Papua Barat, Negeri para Lobster

Penulis : Gilang Helindro

Biodiversitas

Minggu, 06 Juli 2025

Editor : Yosep Suprayogi

BETAHITA.ID -  Tim peneliti dari Fakultas Biologi Universitas Gadjah Mada (UGM) dan sejawatnya di Berlin, Jerman, berhasil mengidentifikasi tujuh spesies baru lobster air tawar dari genus Cherax yang berasal dari wilayah Papua Barat. Temuan ini memperkuat posisi Papua sebagai kawasan dengan keanekaragaman hayati tinggi yang masih menyimpan banyak potensi belum tergali.

Penelitian ini dipublikasikan pada 6 Juni 2025 dalam jurnal Arthropoda dan merupakan hasil kolaborasi antara UGM, peneliti independen dari Jerman, serta lembaga riset di Berlin. Publikasi ilmiah berjudul Seven New Species of Crayfish of the Genus Cherax from Western New Guinea, Indonesia, menyoroti pentingnya wilayah Papua Barat dalam peta evolusi lobster air tawar.

Dosen Fakultas Biologi UGM sekaligus penulis kedua dalam studi ini, Dr. Rury Eprilurahman, menyebut bahwa spesies baru tersebut ditemukan di wilayah terpencil seperti Misool, Kaimana, Fakfak, dan Teluk Bintuni. “Lokasi-lokasi ini dikenal memiliki ekosistem air tawar yang masih relatif alami dan minim gangguan eksploitasi manusia,” kata Dr Rury dikutip Selasa, 1 Juli 2025.

Proses identifikasi dilakukan secara integratif dengan menggabungkan analisis morfologi dan filogeni molekuler berbasis gen mitokondria. Peneliti tidak hanya mengandalkan bentuk tubuh atau warna, tetapi juga membandingkan sekuens DNA untuk memastikan bahwa masing-masing lobster yang ditemukan merupakan spesies yang benar-benar baru.

UGM berhasil mengidentifikasi tujuh spesies baru lobster air tawar dari genus Cherax yang berasal dari wilayah Papua Barat. Dok: UGM

Sebagian besar spesimen yang dianalisis awalnya diperoleh dari perdagangan akuarium hias internasional. Spesies ini sempat beredar dengan nama-nama dagang seperti Cherax sp. “Red Cheek” atau Cherax sp. “Peacock”. Hal ini menunjukkan bahwa perdagangan spesies eksotik, jika dikelola secara etis dan kolaboratif, juga dapat membuka peluang untuk eksplorasi keanekaragaman hayati.

Rury menambahkan bahwa peran komunitas pencinta hewan air turut berkontribusi penting dalam penelitian ini.
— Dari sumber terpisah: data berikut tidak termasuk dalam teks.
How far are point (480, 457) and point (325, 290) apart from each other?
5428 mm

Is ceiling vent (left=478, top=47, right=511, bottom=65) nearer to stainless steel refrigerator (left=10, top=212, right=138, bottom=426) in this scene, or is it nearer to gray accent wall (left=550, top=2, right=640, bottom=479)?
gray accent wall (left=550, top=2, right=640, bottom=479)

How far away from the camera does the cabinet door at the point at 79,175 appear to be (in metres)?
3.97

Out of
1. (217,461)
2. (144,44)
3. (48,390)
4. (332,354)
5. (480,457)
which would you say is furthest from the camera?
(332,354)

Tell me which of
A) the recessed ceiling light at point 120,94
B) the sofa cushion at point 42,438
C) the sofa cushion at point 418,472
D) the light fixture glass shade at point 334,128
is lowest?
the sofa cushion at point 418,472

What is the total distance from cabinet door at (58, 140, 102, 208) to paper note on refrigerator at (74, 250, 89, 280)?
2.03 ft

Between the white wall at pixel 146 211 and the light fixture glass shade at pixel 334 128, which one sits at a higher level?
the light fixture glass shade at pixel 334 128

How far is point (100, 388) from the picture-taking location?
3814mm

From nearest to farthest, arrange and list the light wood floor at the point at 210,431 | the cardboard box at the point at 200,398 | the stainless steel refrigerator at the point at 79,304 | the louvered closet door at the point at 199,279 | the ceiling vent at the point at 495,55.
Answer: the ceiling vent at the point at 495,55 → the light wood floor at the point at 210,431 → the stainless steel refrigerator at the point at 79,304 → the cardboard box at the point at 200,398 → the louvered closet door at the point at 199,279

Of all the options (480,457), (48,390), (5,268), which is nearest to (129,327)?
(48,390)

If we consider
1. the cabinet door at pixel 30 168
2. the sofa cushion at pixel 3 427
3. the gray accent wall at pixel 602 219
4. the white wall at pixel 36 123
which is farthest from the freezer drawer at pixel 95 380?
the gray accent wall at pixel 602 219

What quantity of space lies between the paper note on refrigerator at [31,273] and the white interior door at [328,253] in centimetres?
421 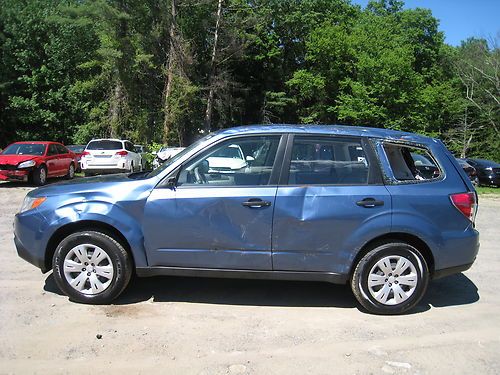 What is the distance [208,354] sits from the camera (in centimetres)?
396

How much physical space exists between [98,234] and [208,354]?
1.70 m

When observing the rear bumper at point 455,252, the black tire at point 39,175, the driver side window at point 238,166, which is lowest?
the black tire at point 39,175

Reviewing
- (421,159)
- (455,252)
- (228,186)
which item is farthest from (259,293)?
(421,159)

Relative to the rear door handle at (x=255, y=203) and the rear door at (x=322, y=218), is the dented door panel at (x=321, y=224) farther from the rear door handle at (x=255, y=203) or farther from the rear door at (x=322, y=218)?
the rear door handle at (x=255, y=203)

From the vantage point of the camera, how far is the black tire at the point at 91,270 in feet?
15.8

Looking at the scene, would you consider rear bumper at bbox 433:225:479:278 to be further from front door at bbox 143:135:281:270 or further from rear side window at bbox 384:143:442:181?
front door at bbox 143:135:281:270

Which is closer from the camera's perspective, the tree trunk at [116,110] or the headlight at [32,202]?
the headlight at [32,202]

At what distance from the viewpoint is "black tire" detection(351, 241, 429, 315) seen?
4797 mm

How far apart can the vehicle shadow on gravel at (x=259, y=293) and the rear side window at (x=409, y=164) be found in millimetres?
1398

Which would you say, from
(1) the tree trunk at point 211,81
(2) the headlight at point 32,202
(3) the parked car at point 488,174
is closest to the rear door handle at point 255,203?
(2) the headlight at point 32,202

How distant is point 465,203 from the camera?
16.1 feet

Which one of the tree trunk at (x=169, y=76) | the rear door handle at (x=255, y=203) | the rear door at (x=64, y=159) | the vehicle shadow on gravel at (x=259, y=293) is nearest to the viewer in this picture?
the rear door handle at (x=255, y=203)

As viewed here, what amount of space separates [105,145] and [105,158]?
0.65 metres

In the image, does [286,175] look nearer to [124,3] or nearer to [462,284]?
[462,284]
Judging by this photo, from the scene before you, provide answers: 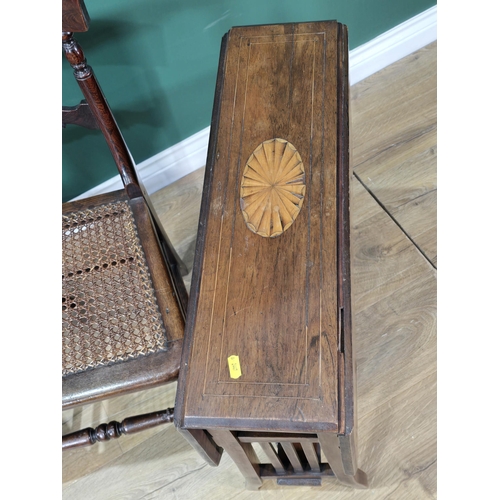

Beberapa penghobi bahkan terlibat langsung dalam proses pencarian spesimen di lapangan, menjadi jembatan awal bagi riset ilmiah lebih lanjut.

Dari analisis genetik dan morfologis, ketujuh spesies baru ini dimasukkan dalam kelompok Cherax bagian utara yang sebelumnya telah mencakup puluhan spesies. Ciri khas setiap spesies, mulai dari pola warna hingga struktur capit dan rostrum, menjadi kunci dalam membedakan satu spesies dari yang lain. Sebagai contoh, Cherax arguni memiliki kombinasi warna biru gelap dengan belang krem dan capit dengan patch putih transparan.

Studi filogeni molekuler menunjukkan bahwa Cherax arguni merupakan kerabat dekat dari Cherax bomberai, dengan perbedaan genetik yang cukup signifikan. Analisis dilakukan dengan metode Bayesian dan Maximum Likelihood terhadap sekuens DNA mitokondria, yang digunakan sebagai penanda genetik dalam penentuan batas antarspesies.

Temuan ini semakin mengukuhkan pentingnya pendekatan genetik dalam taksonomi modern, terutama di wilayah tropis yang memiliki biodiversitas tinggi. Perbedaan signifikan pada sekuens DNA mitokondria menunjukkan bahwa proses isolasi evolusioner telah berlangsung lama, memperkaya keragaman spesies endemik Indonesia.